DAILY PROMPT – “BRICK”
So here I am. In my little country idyll after escaping the Smoke and all it’s stresses, worries and concerns. Plus my notoriety as the local BPD nutter in some circles.
I am, to all intents and purposes, safe. People are for the most part friendly, normal, and no one knows my dark secret.
Or do they?
Very little happens around here and I now know that any newcomers are the talk of the village when they first move in, and a great source of curiosity. At least 3 pensioners knocked on my door within 72 hours of my arrival, scaring the shit out of my already traumatised cats (I’ve dubbed them the White Watchers – the pensioners, not the cats), and like their namesake’s, they don’t wait to be invited in.

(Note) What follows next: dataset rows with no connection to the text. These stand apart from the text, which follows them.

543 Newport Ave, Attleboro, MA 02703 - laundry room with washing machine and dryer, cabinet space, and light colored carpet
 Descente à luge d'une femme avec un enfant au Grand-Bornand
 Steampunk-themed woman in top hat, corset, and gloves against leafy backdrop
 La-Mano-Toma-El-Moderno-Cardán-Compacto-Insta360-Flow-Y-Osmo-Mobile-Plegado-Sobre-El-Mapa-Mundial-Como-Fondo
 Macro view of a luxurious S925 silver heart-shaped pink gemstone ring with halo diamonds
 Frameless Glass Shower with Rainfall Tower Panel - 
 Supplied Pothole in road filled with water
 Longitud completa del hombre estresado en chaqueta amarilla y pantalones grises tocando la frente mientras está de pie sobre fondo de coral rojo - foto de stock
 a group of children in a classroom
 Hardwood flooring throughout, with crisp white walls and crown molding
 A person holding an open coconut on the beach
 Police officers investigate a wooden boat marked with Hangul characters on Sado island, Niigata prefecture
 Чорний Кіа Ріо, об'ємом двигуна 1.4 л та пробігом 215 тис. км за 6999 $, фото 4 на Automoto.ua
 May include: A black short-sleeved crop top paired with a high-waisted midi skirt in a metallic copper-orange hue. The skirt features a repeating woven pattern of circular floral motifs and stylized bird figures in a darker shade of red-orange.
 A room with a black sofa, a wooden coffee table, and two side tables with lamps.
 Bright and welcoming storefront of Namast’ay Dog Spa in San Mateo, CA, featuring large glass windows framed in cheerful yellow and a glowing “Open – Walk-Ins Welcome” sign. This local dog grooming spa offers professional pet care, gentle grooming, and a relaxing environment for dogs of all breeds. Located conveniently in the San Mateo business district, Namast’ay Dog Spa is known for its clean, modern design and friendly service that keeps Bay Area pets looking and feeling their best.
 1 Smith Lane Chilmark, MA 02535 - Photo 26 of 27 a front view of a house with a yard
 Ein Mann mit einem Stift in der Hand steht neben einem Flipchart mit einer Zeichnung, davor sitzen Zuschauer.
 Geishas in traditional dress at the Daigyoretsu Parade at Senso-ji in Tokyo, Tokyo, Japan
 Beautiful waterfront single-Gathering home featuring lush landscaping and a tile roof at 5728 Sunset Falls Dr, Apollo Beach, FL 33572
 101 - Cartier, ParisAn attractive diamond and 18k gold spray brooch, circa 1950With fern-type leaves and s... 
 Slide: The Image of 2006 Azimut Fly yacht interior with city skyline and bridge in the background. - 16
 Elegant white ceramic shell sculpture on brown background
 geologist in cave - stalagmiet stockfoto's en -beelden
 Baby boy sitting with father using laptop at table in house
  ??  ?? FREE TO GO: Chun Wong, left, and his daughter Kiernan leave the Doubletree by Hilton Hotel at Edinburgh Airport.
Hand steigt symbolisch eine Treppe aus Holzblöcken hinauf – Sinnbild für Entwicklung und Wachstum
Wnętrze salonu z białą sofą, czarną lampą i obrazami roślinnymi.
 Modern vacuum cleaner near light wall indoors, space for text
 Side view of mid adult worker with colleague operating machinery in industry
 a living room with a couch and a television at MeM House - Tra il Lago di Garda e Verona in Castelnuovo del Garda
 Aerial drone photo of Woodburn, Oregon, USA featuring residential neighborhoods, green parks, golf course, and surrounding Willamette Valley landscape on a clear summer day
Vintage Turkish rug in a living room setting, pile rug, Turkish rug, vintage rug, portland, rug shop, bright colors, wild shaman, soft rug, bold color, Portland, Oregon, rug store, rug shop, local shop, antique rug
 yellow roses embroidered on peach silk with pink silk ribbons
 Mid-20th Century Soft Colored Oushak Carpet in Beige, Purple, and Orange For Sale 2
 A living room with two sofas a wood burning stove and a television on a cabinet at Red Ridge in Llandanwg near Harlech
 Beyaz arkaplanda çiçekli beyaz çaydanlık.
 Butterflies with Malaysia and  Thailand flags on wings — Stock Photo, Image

I know I’m sounding very ‘London’ here (i.e. snotty), but I was in the Capital on and off for over 20 years, so I’m used to people that either mind their own business and/or don’t give a fuck about your shit, so the need for privacy is a hard thing to break, especially when you have stuff to hide.
Indeed one of these ladies wandered up to my desk and craned her neck to have a good old look at the paperwork strewn across it (some of which just happened to be from the NHS – great…), so I’ve taken to ducking every time I see a greying mop pass by the window and have nightmares about my secret being out, and a gang of them heading up my path with a Wicker Man on bonfire night, so my determination to be more sociable in order to appear ‘normal’ was challenged within a very short period indeed.
Also, I’m still something of a hermit, and despite the one neighbour I’ve befriended urging me to get out and about more in the community, I still find small talk deeply boring and energy sapping especially when everyone is so damned, well, normal…I miss my London freaks, I mean, friends.
So like the song goes, ‘Everywhere you go, you always take the weather with you’. I’m still me, I haven’t been cured overnight from moving north of Watford Gap, and, of course, my old worries have been replaced by new ones. And some old ones came back. And on those dark nights and days of the soul, I still hibernate, only now, it’s more noticeable because the people around me have fuck all else to notice or talk about.
It could all be my imagination of course as I was off my meds at the time…
Plus, my property is so exposed. People can see in, which I’m not feeling, so I’m pricing up garden walls, blinds, gates and electric fences (just joking about the last one – I think) as we speak, which will only enhance my reputation as a cold ass London biatch even more.
Cos these people may be ever so nice, but all in all, they’re just a-nother brick in my wall.
Because, try as I might to leave it, that thing was never going to stay in south London.
Cos it’s with me. Wherever I go.
But it’s meant to be a new start?
Perhaps I’ll replace the wall and fences with trellis and blinds which will let the light it. Oh and maybe take the barbed wire off back order.